-------- SUPPLIED RECORDS
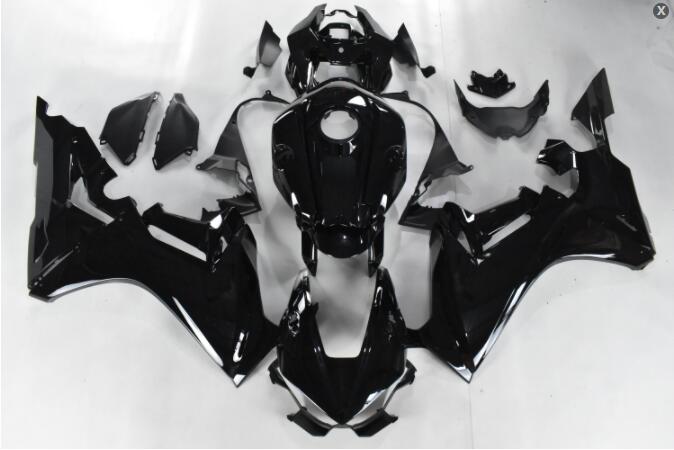 US STOCK NT Aftermarket Injection ABS Plastic Fairing Fit for CBR1000RR 2017-2023 Black N013 Available in CA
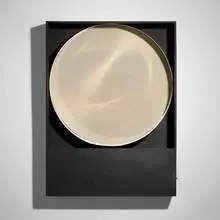 Julio Le Parc, Continuel-lumière cylindre, 1966, wood, metal, electric motor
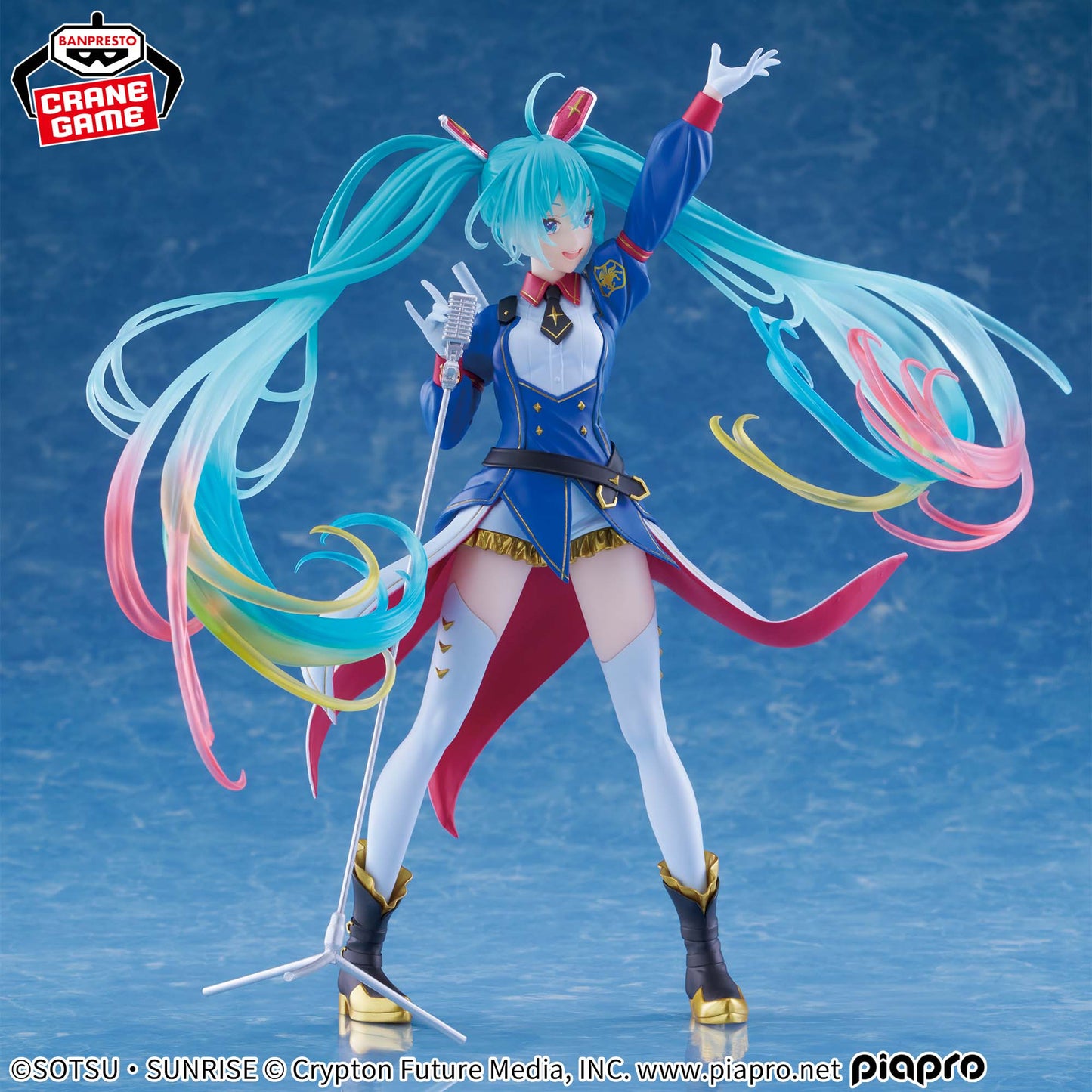 Gundam 45th Anniversary × Hatsune Miku - BANPRESTO EVOLVE GUNDAM Collaboration - Figure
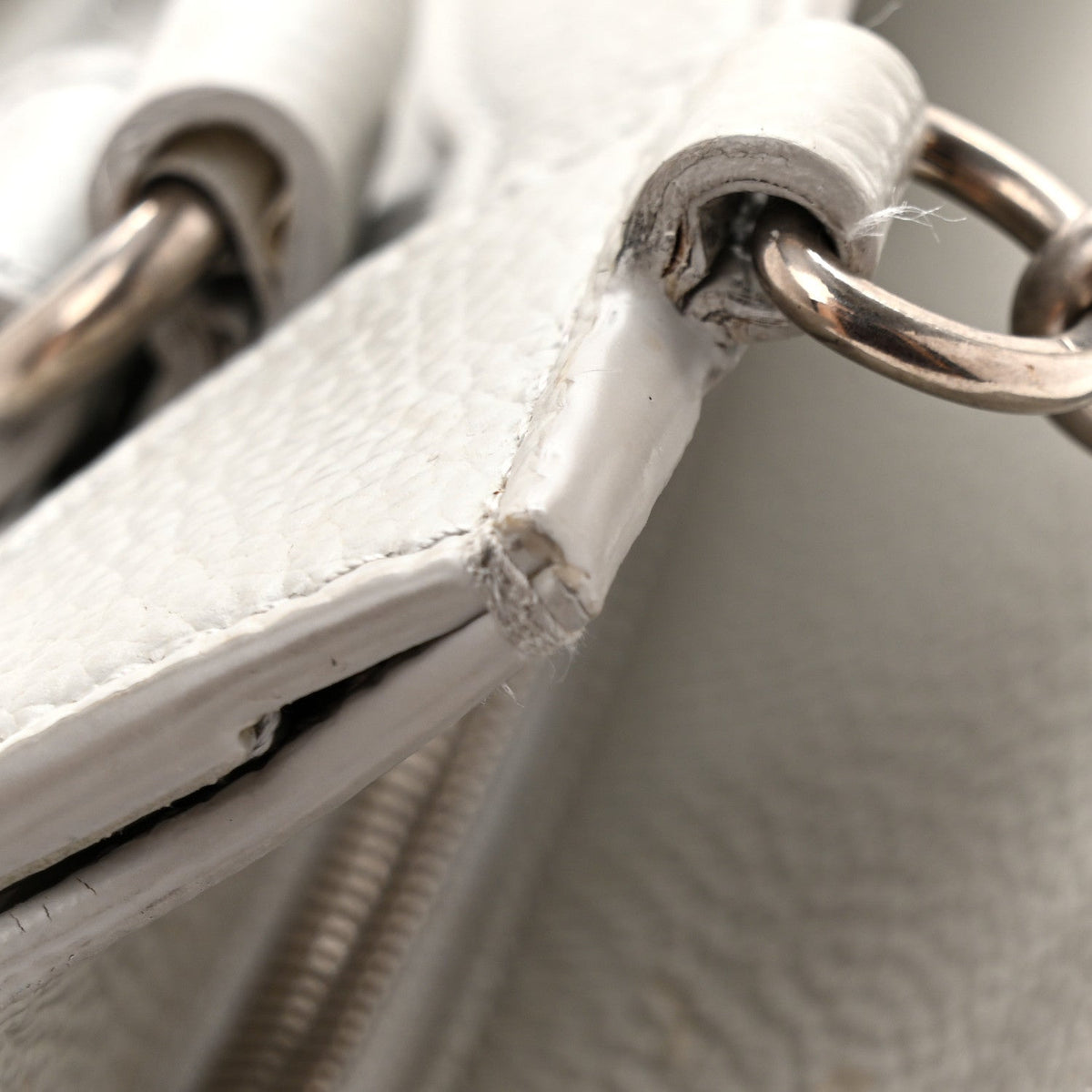 Grained Calfskin Neo Classic Silver Hardware S City Light Grey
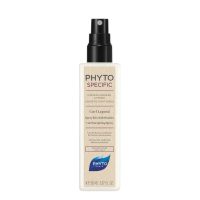 Spray  of  Phyto  Specific  Curl  Legend  Energizing  Curls  Spray  by  Phyto,  a  styling  spray  indicated  for  defining  curls  and  preventing  frizz.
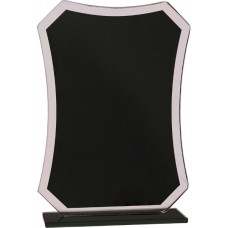 Black Rectangle Reflection Glass Award 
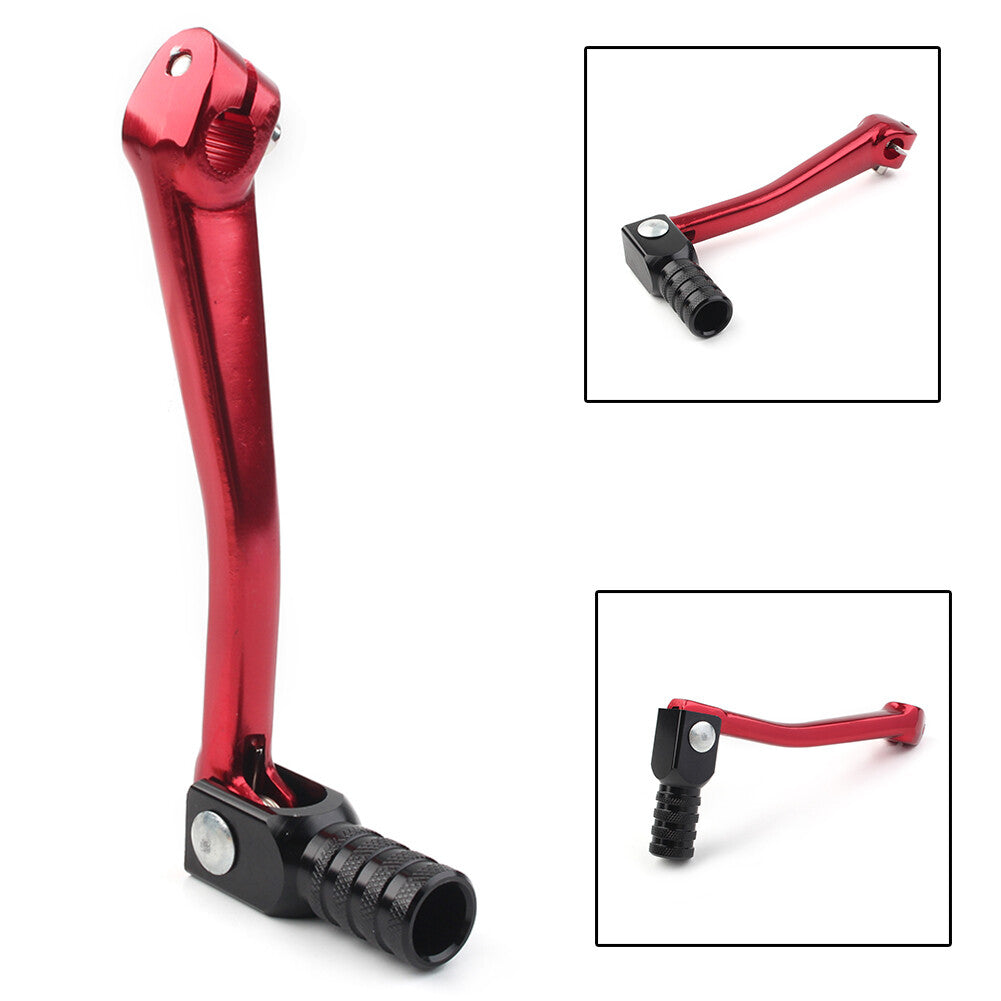 CNC Folding Gear Shifter Lever FIT Pit Dirt Bike 50cc-160cc XR50 KLX110 CRF Red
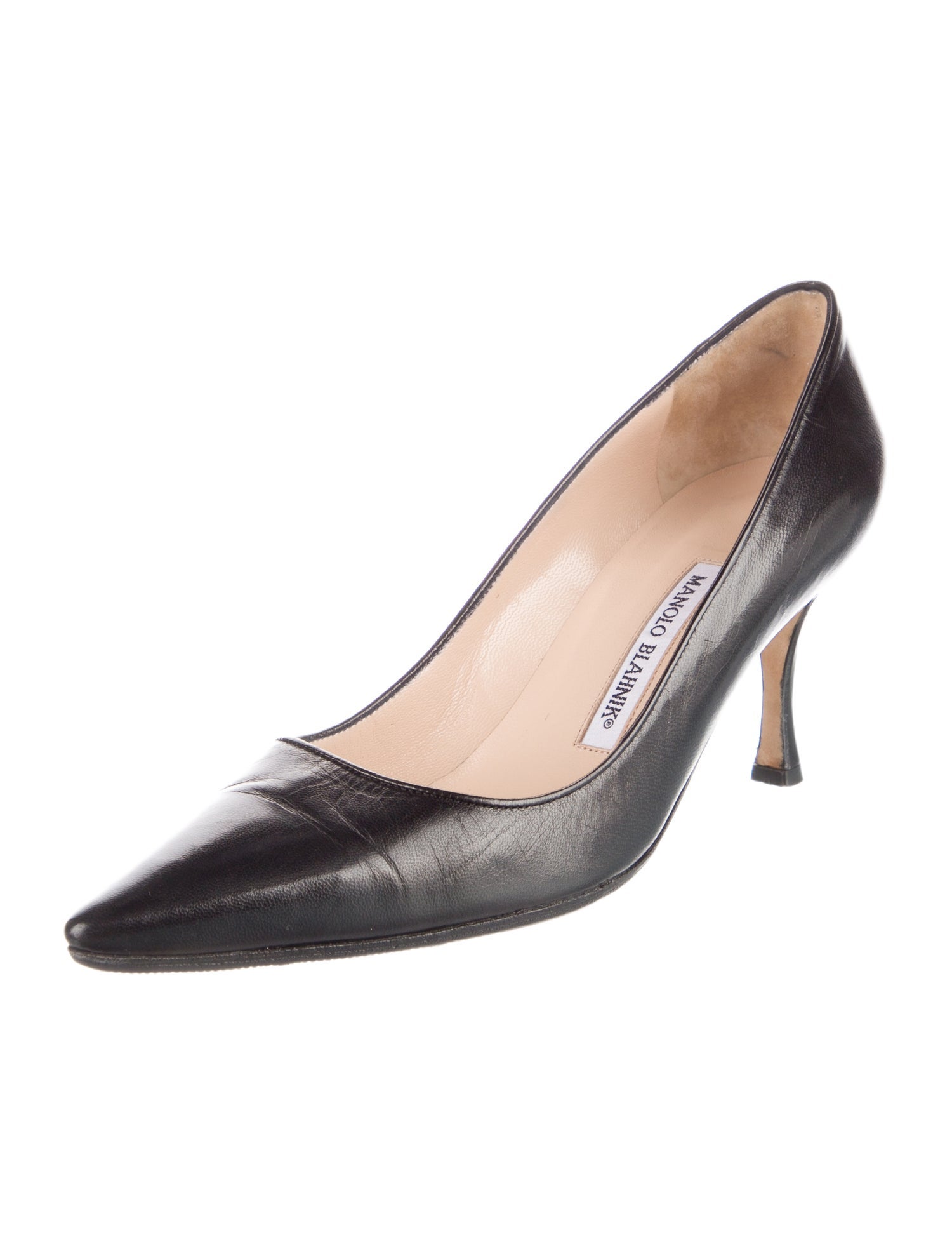 Manolo Blahnik Leather Pumps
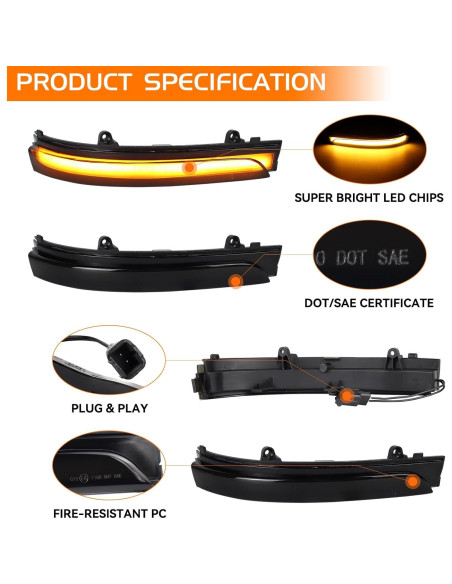 Luces LED de Giro Secuenciales FetonAuto para Espejos VW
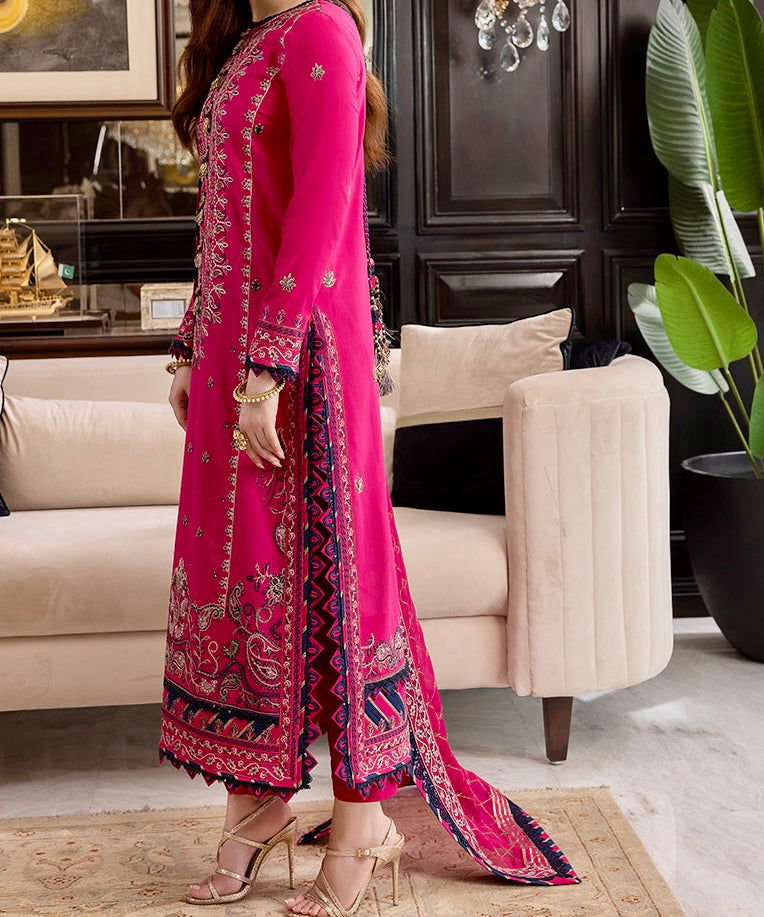 3-PCS RANG E NOOR COLLECTION LAWN SILK. -AJRN-3016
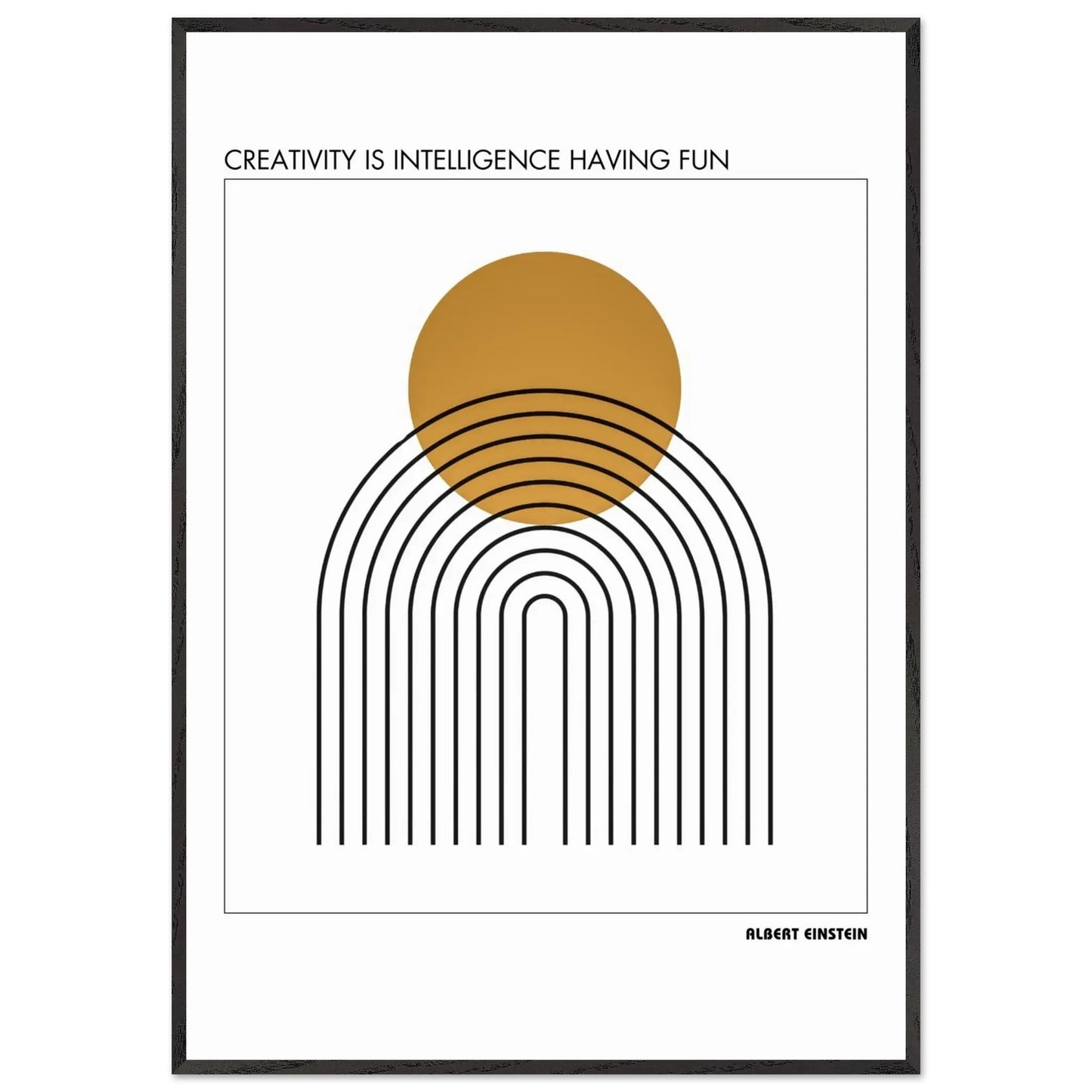 Albert Einstein Quote Poster-INK & FRAME STUDIO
----------------
Each line from the one containing "Manolo Blahnik Leather Pumps" through the final line of the data must be reproduced exactly, both ends included, with no pictures in the copy.

 Manolo Blahnik Leather Pumps
 Luces LED de Giro Secuenciales FetonAuto para Espejos VW
 3-PCS RANG E NOOR COLLECTION LAWN SILK. -AJRN-3016
 Albert Einstein Quote Poster-INK & FRAME STUDIO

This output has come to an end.